Size again is going to depend on where your at and what they are after. Some want smaller ones that are pretty much off milk the day they hit the sale yard, some want larger. Per pound here 60# usually tops the market. But one has to figure in if it’s worth hanging onto them longer so they get larger and although it’s less per pound it’s more in the pocket because they are larger. If I had pasture that stayed green all year long and I didn’t have to supplement with hay I would go for larger. But that’s not the case so I pull mine off at 3-4 months old and usually the majority is 60# so it works. 
What I would do is find a market report near you. If you have nothing going on sale day go hang out and see what the buyers are really after. That will give you the most insight on what you should shoot for


----------



## CCCSAW (Jul 11, 2019)

Show Wethers for fairs for 4-h and ffa, can range $400 and up in my area but you would need to time pregnancies for that market as most fairs don't allow over a year. I would think if you market kids early for potential buck sales (deposit with full price after weaning) but give yourself enough time to wether any that aren't claimed you could do both. Keep in mind I do believe there is 1 holiday (and I'm sorry I'm not sure of the religion) that prefers bucks for meat. You can certainly get more money for the bucks, but wethers can also go to homes as pets and brush control with out the worries of caring for a mature buck. Butchs might avoid bucks at first especially depending on age as the meat quickly becomes gamey as they mature


----------



## toth boer goats (Jul 20, 2008)

Do know, some states do not allow selling a goat to the Muslim community who want to kill that animal on your place. Check the law. 
If they want to take the animal to their place, it is fine but, with their beliefs though, they want to do it right when they are purchasing the goat on site.
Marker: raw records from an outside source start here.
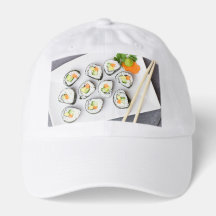 Sushi Hat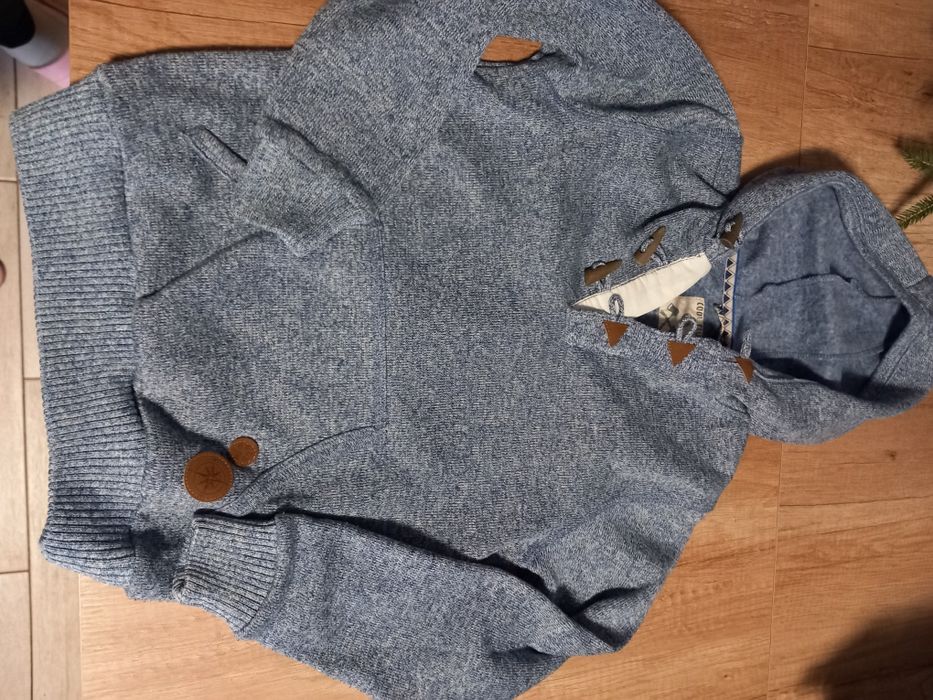 Bluza/sweter dla chłopca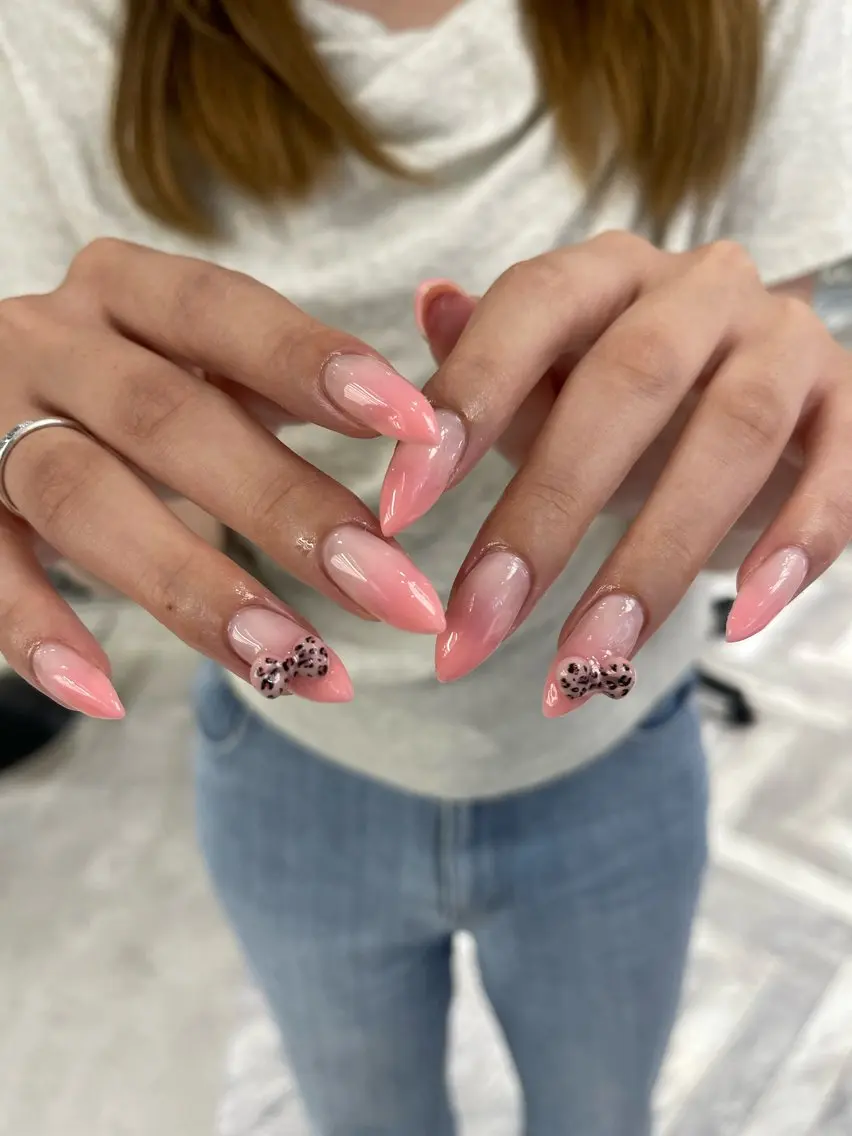 ネイル ハンドネイル ユナ🌙 nailのネイルデザイン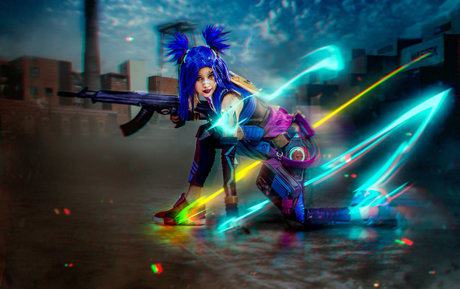 Charechii model picture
If you want good money for wethers for 4h ect, they must be very nice and competitive, to get good money for them.
Otherwise, it is just a goat for meat and people don't want to pay much for them. I had a lot of them always trying to jew me down. 

I started out that way, selling goats for meat, didn't make much that way.

Had a bossy women try to tell me, I must remove their horns and do this and that, even before she even looked at them or put any deposit on him. This was just after the kid was born. So, we said forget the 4h stuff. We do not dehorn our goats anyway and will not for anyone, if they want to remove them after the fact, it is their decision.

I then got into breeding registered boer, that is when I started making better money.


----------



## 21goaties (Mar 13, 2018)

toth boer goats said:


> we do not dehorn our goats anyway and will not for anyone


:clapping:


----------



## fivemoremiles (Jan 19, 2010)

club goats are not in the cards. living in Montana kidding in January is a great way to have popcycle kids.
the nearest auction that is any good for sheep and goats is 5 to 6 hours away

this is the last ear i will remove my goat horns i like the way lamacha horns look and hate burning there horns off.
my lamacha and Boer run together horns levels the playing feild


----------



## fivemoremiles (Jan 19, 2010)

having read your thought and experiences i will band my boys that realy makes management easer
Thanks for your help


----------